“More than once someone has demanded of me that I explain exactly why anti-Semitic jokes are not funny,” writes University of Chicago philosophy professor Ted Cohen in his new book, Jokes: Philosophical Thoughts on Joking Matters. “I have come to realize that if there is a problem with such jokes, the problem is compounded exactly by the fact that they are funny.”

Illinois is an average state when it comes to preventing pollution from oil refineries, according to the Environmental Defense Fund (www.edf.org/programs/ppa/cg/or/or_state_rankings.html). None of its refineries were in the top 15 percent. It’s also the worst state in the nation when it comes to sulfur dioxide emissions per barrel of oil refined. The Clark refining plant in Blue Island wasn’t included in the EDF rankings because of “unacceptable data quality.”

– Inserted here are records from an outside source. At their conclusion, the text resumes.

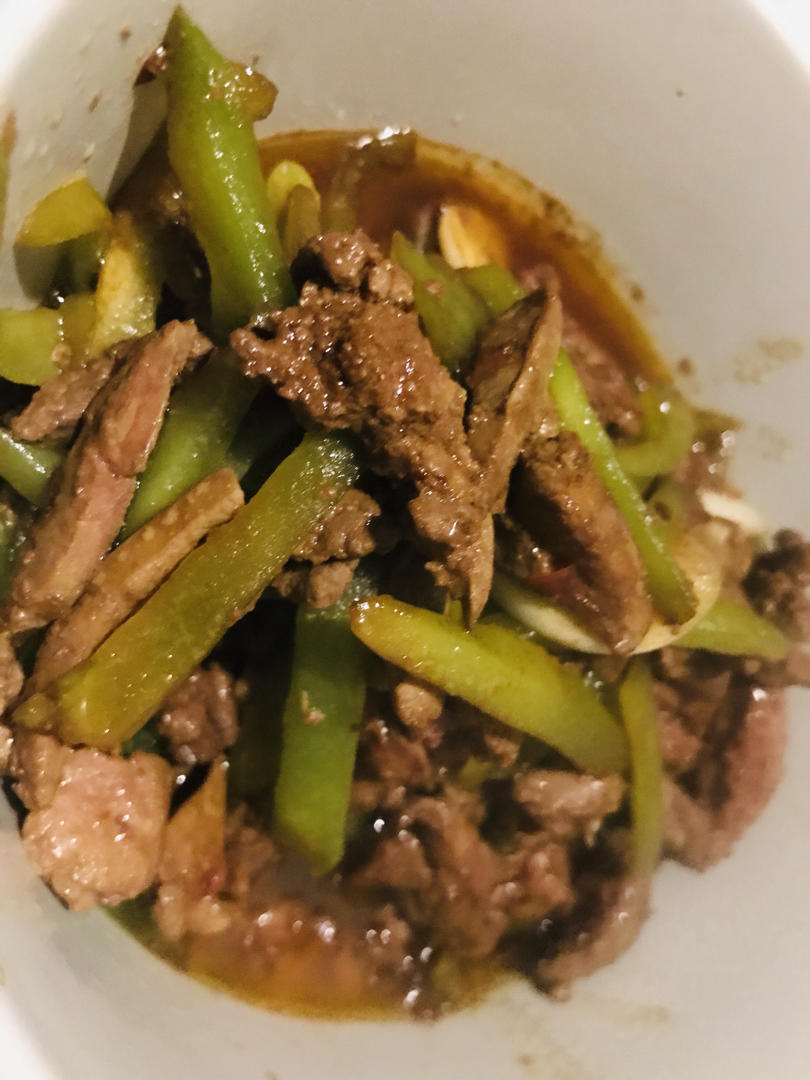 厨师长教你：“小炒猪肝”的家常做法，味道干香很赞，先收藏起来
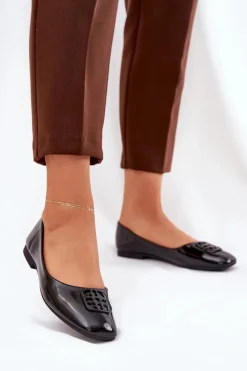 Lakierowane Eleganckie Baleriny Damskie Z Ozdobnym Detalem Vinceza 17377 Czarne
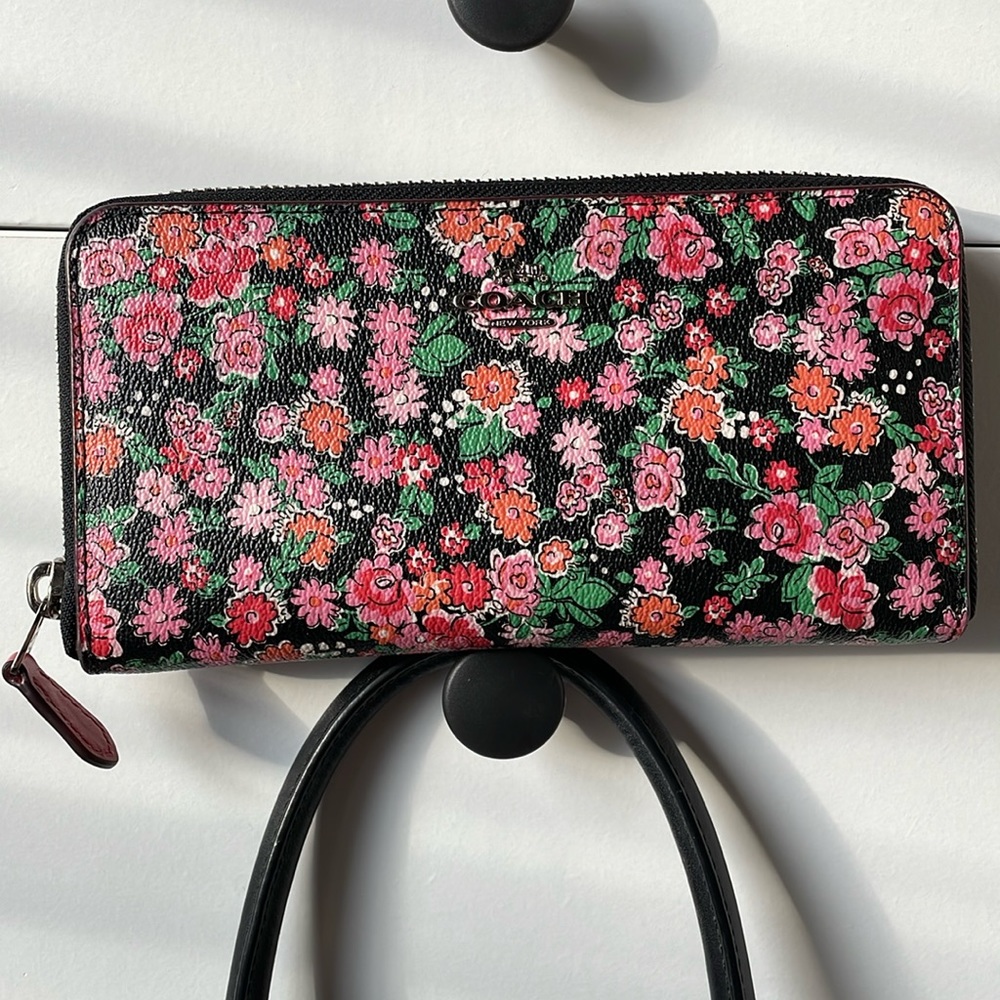 Coach Sierra Posey Cluster Floral Satchel, Wallet & Pink Wide Scallop Edge Strap - Picture 13 of 17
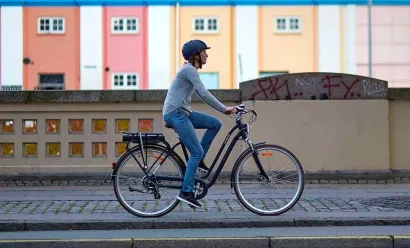 Decathlon investit le marché du vélo de fonction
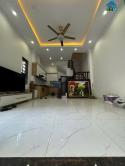 Bán Nhà Ngọc Lâm 40m2* 5 Tầng* 7.9 Tỷ, Lô Góc, Ô Tô Đỗ Cửa.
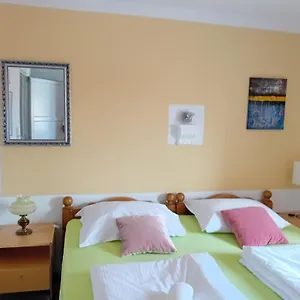 Apartment D,apartman' Ulica Pusca 51, 51513, Omišalj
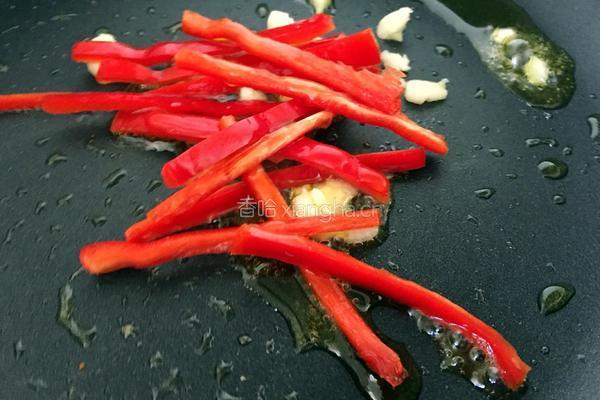 猪肝瘦肉炒意粉的做法图解2
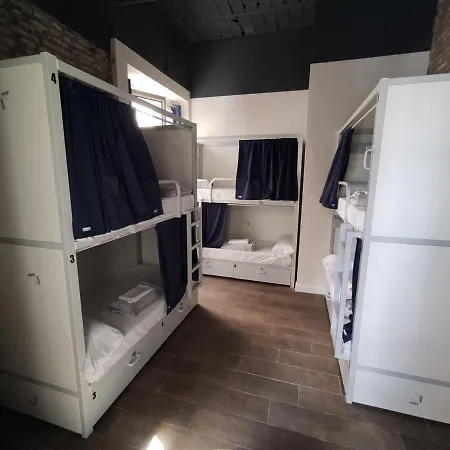 Black Swan Albergue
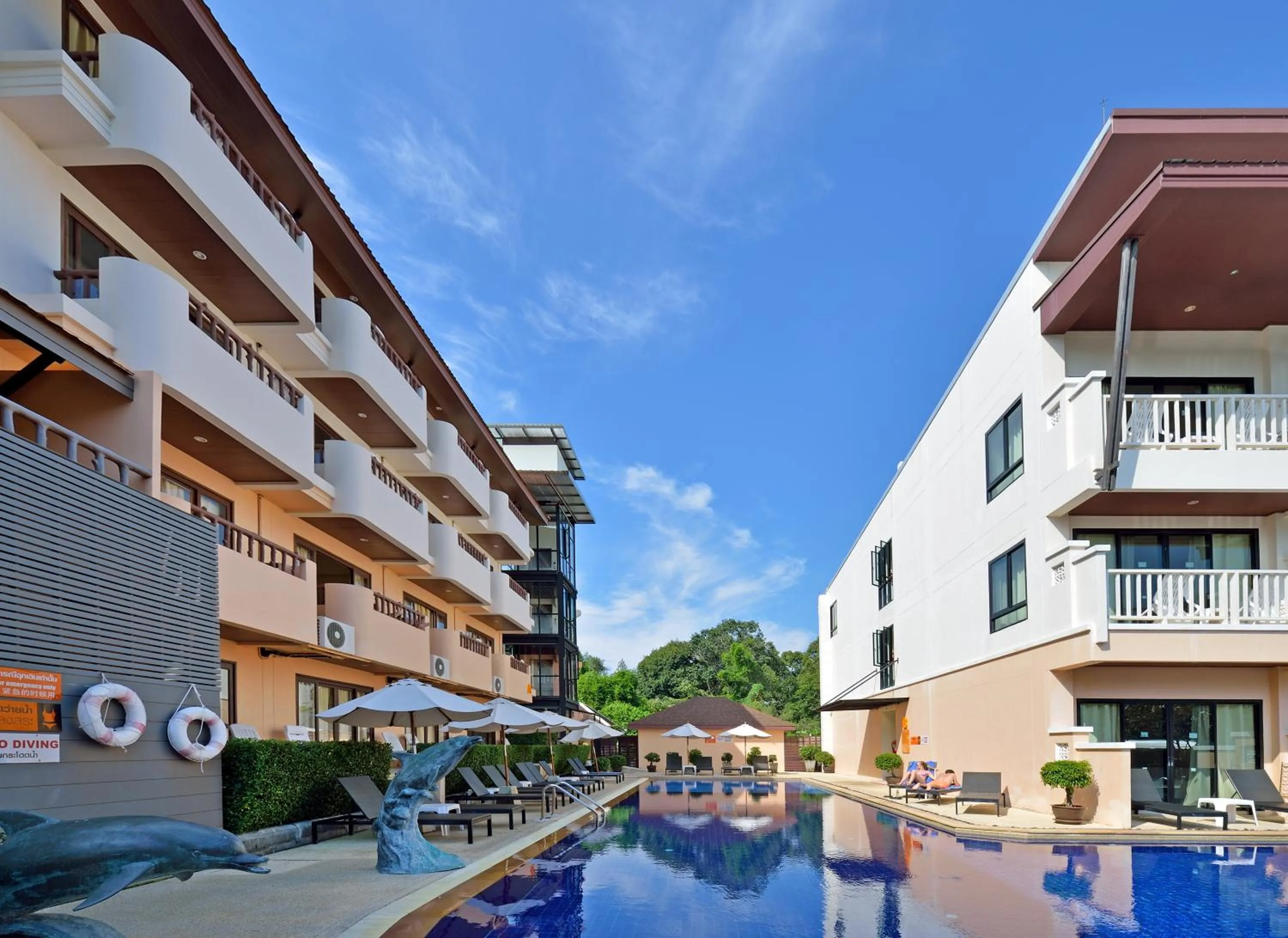 Swimming pool in Srisuksant Resort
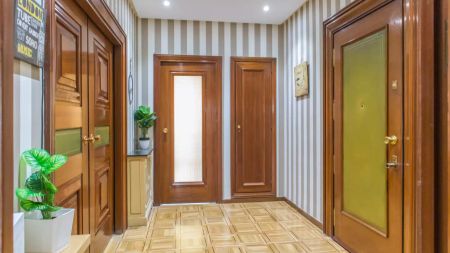 Room in a shared 9-bedroom apartment for rent in Gaztambide, Madrid, perfect for professionals and students - Photo 3
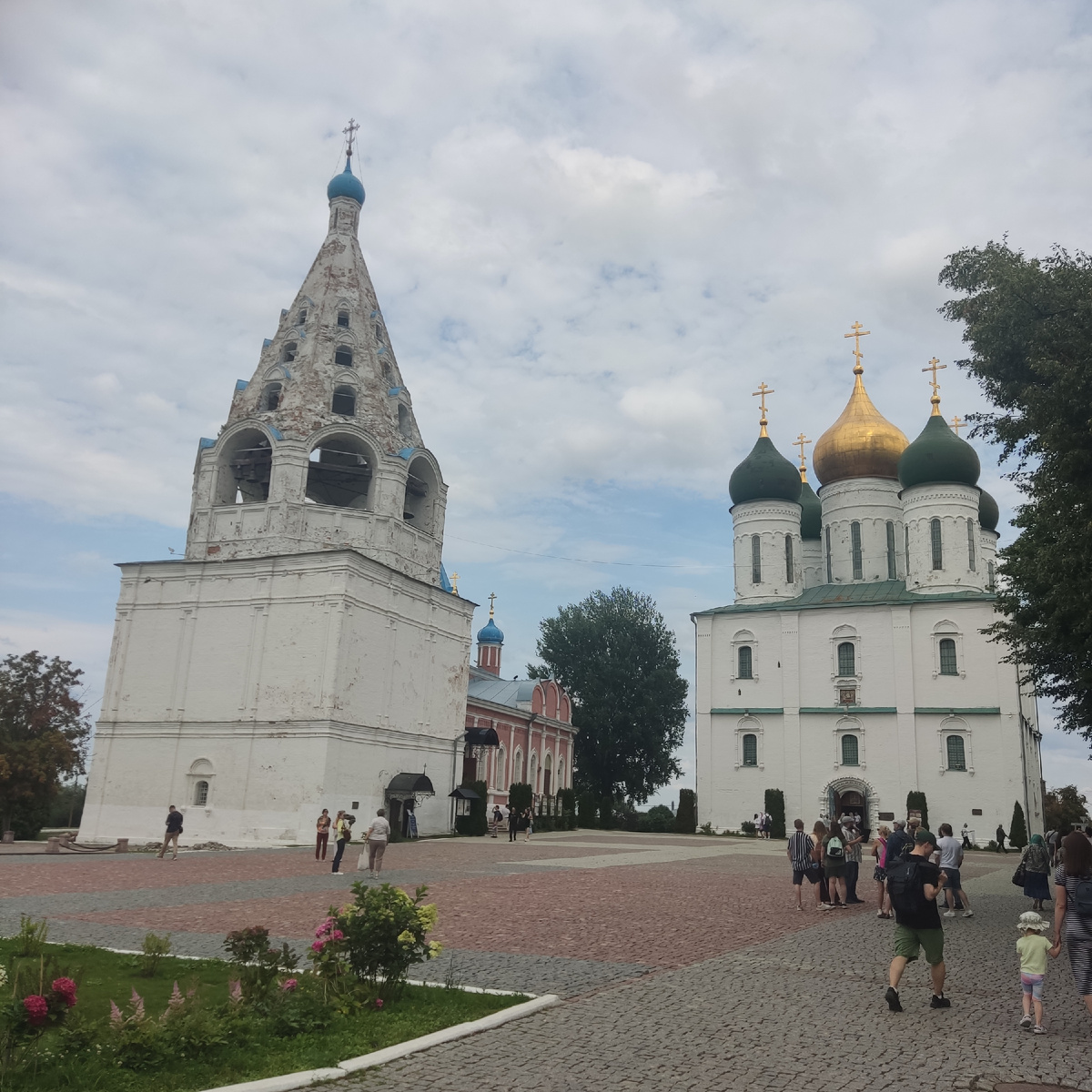 На Соборной площади кремля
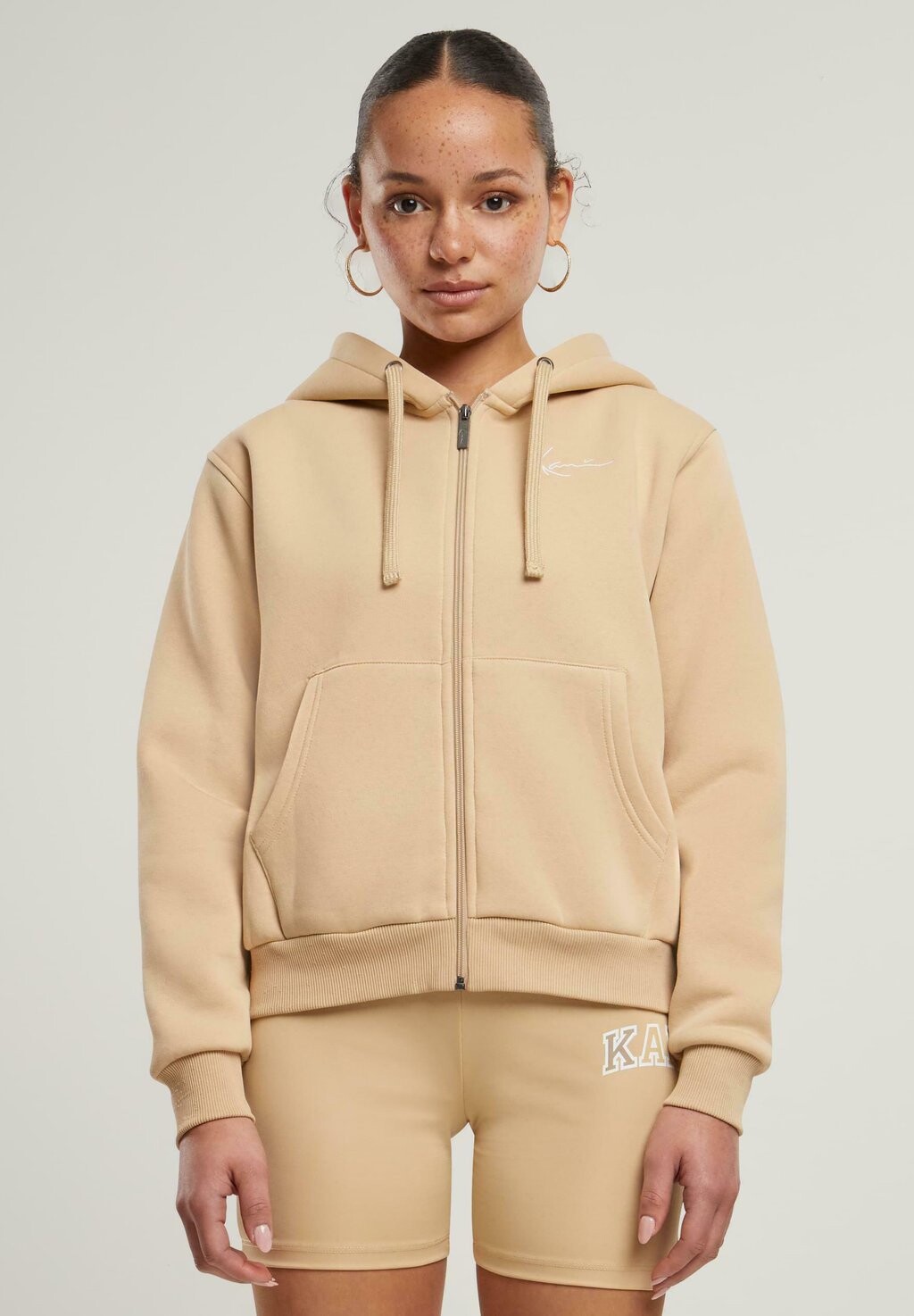 

Толстовка CHEST SIGNATURE ESSENTIAL Karl Kani, песочный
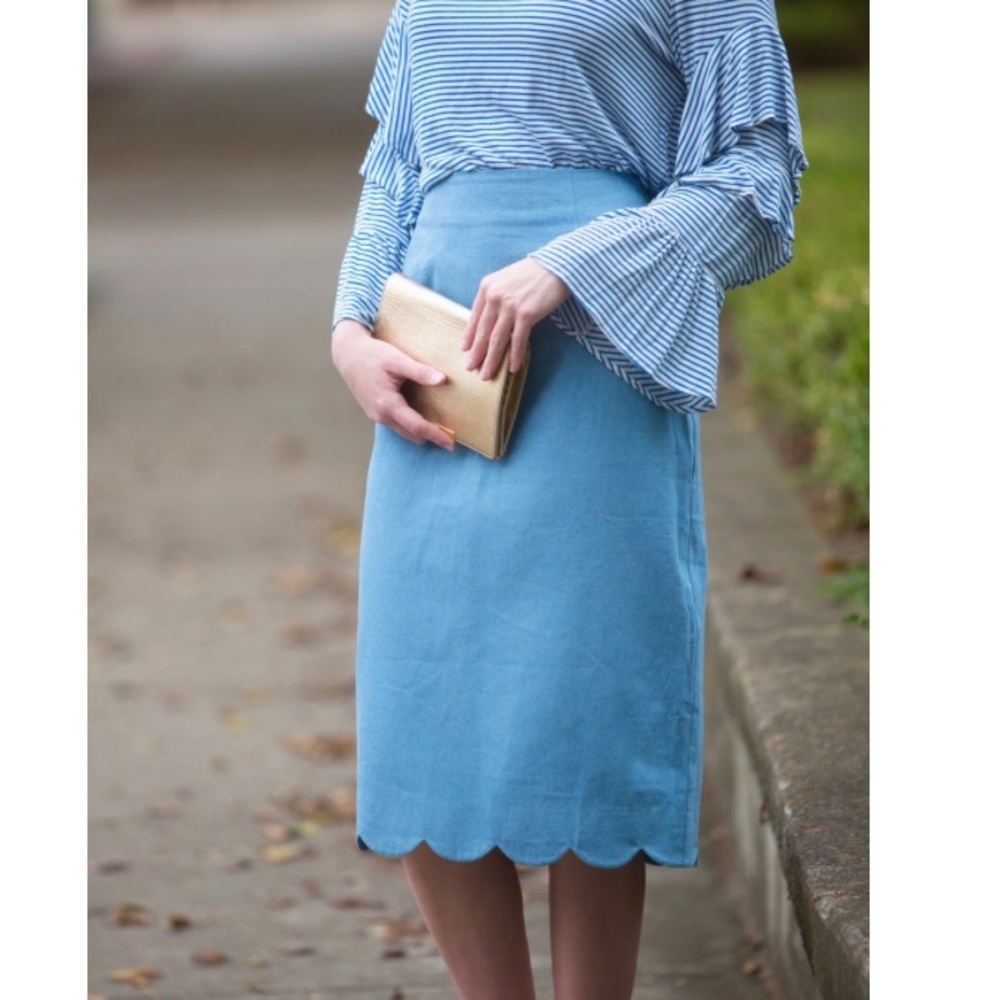 Navy scalloped pencil skirt
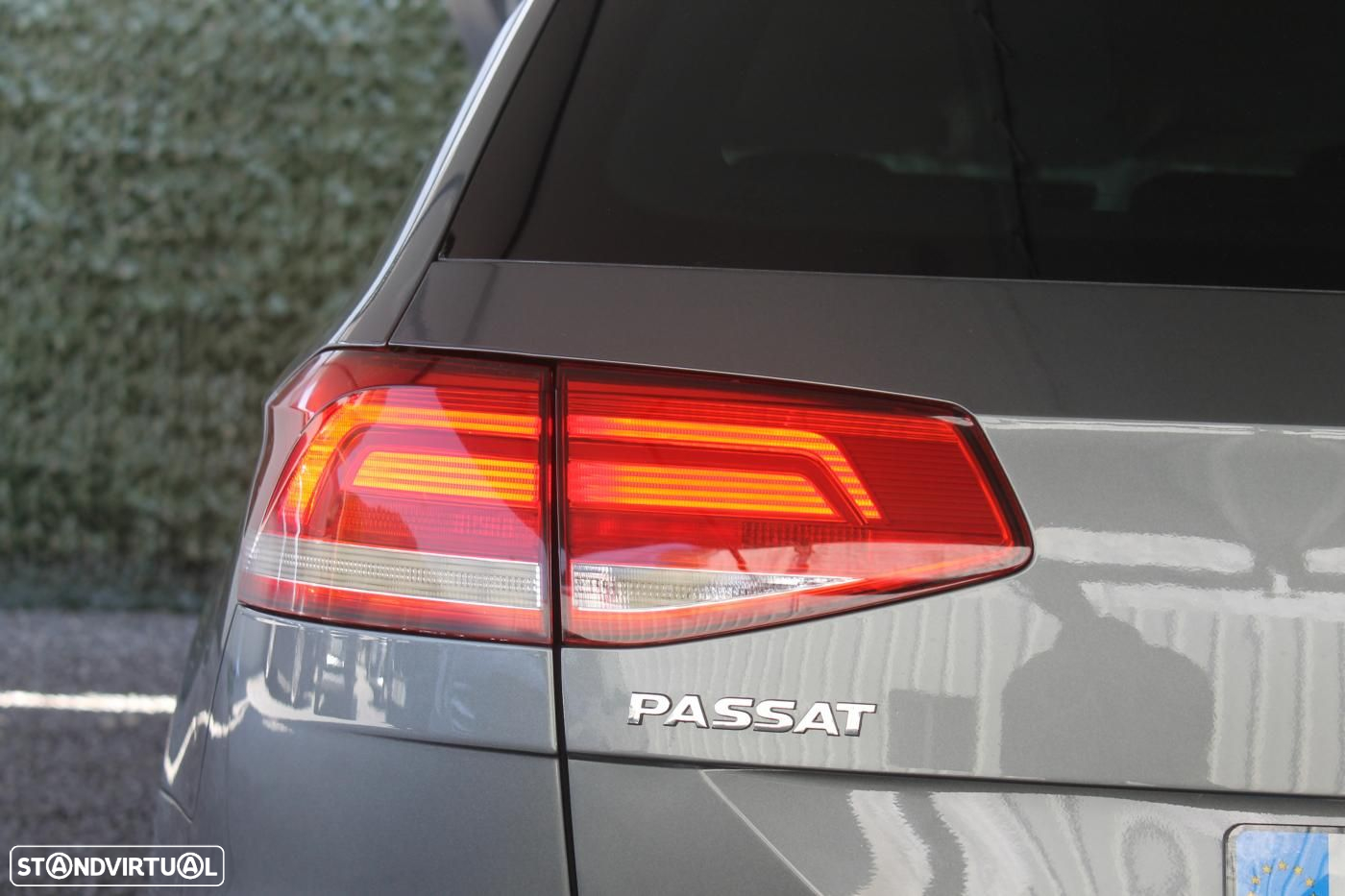 VW Passat Variant 1.6 TDI Confortline DSG - 46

“Chicago’s road system capacity could probably grow by about a third with the expenditure of a few tens of millions of dollars,” contends retired Northwestern University economist Edwin Mils in the “Illinois Real Estate Letter” (Summer), “to improve traffic control (reverse direction and one way streets and lanes, timed traffic lights, enforcement of traffic rules, higher on-street parking fees, and abandonment of restrictions on private off-street parking). The benefit/cost ratio would be large. Spending billions to acquire land and build new roads would not be justified.”

November storm warning just in from the Adler Planetarium’s fall newsletter, the “Adler Star”: “The Leonid meteor shower will occur from midnight to sunrise” November 17 and 18. “A thousand meteors an hour are predicted for observers in clear, dark skies. This shower puts on a spectacular meteor storm every thirty-three years, and a possible meteor storm is predicted this year.”

Word from 5266. Writing in the August “Residents’ Journal,” Arminta Clark quotes 33-year public-housing resident Barbara Moore, president of 5266 S. State, one of the Robert Taylor Homes buildings slated for demolition: “If this property is good enough to build townhouses that would eventually cost $200,000, then it’s worth fighting for.”

OK, who’s been proofreading with the spell checker? The Newberry Library’s summer newsletter on collecting first editions: “The focal point of [C. Frederick] Kittle’s [Sir Arthur Conan] Doyle collection is the extraordinary array of manuscripts and first additions from Doyle and members of his family.” And Chicago-Kent’s new Journal of Intellectual Property (Spring) states that the mass media’s “consolidation of power has reeked havoc on how our culture creates and disseminates meaning.”

The prepositionally challenged. From a public-radio commercial repeatedly broadcast on WBEZ FM: “The Chicago Tribune offers insight, perspective, and understanding to events of Chicago and the world.”

Land of Lincoln and slavery. The Illinois Times (September 23-29) surveys the Illinois State Archives’ new index to “Illinois Servitude and Emancipation Records” and finds that the last known emancipation of a slave in Illinois occurred in Saint Clair County (near Saint Louis) in 1863, “when Marva Reed was emancipated from Aaron Shook.”

Oh yeah? Who’s the real sissy, judge? The prolific Richard Posner, chief judge of the seventh circuit court, reviewing Gaylaw in the New Republic (October 11): “It is true that there is less privacy in an army than in the ordinary workplace, leading to concerns that heterosexual males will be demoralized by being subjected to the ‘homosexual gaze’ while taking a shower; but the man who is seriously discomposed by a lascivious glance is the real sissy.”

“We struggle with two competing definitions of public education,” writes Paul Hill in Blueprint (Fall). “The first is that public education is a commitment to specific political bargains, programs, job rights, and bureaucratic oversight. The second is that public education is a commitment to use any means necessary to ensure that every child learns enough to be able to participate fully as a citizen, earner, and parent.” But when the current bureaucratic arrangements don’t educate kids we have trouble. “In many cities the bedrock support [for public schools] comes from middle-class parents who have worked the system to get the best teachers and special school assignments for their children and who then support ‘public education’ because of its commitment to equity.”